PROBLEM |
Without any of the pictures, set down the data below exactly.

COLLECTED MATERIAL |
*** Begin section ***

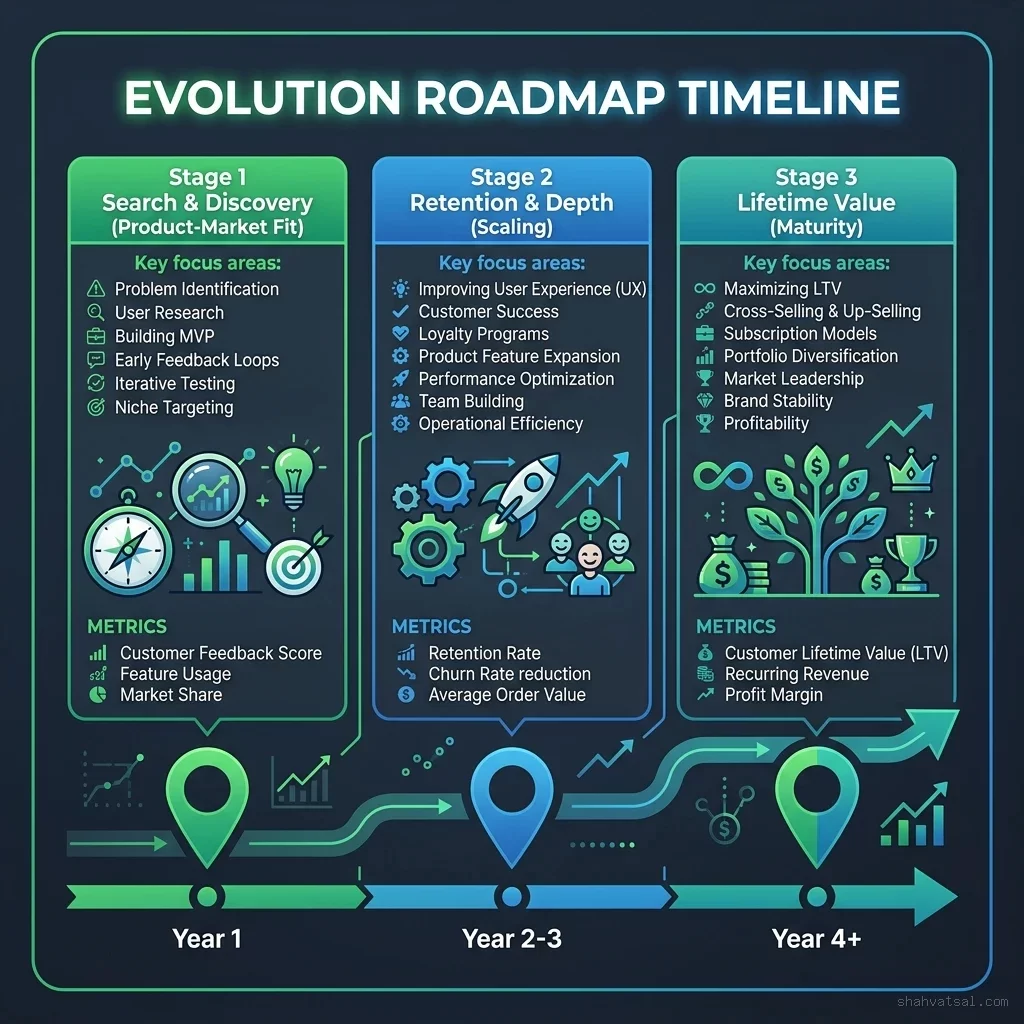 North Star Metric Evolution Roadmap Blueprint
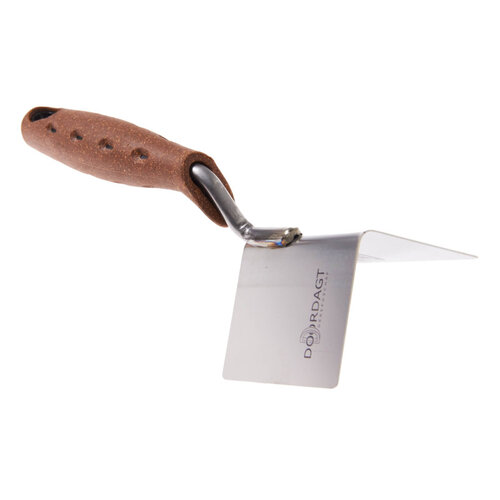 DOORDAGT DOORDAGT, Hoektroffel 60x80mm, Uitwendig dubbeltjesformaat, RVS, Kurkgreep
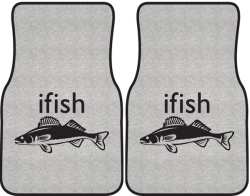 ifish Walleye Silhouette Car Mats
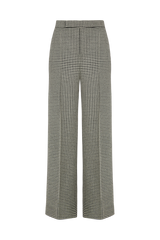 Straight Leg Trouser in Dogtooth Wool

*** End section ***

SOLUTION FOR THIS PROBLEM |
 North Star Metric Evolution Roadmap Blueprint
 DOORDAGT DOORDAGT, Hoektroffel 60x80mm, Uitwendig dubbeltjesformaat, RVS, Kurkgreep
 ifish Walleye Silhouette Car Mats
 Straight Leg Trouser in Dogtooth Wool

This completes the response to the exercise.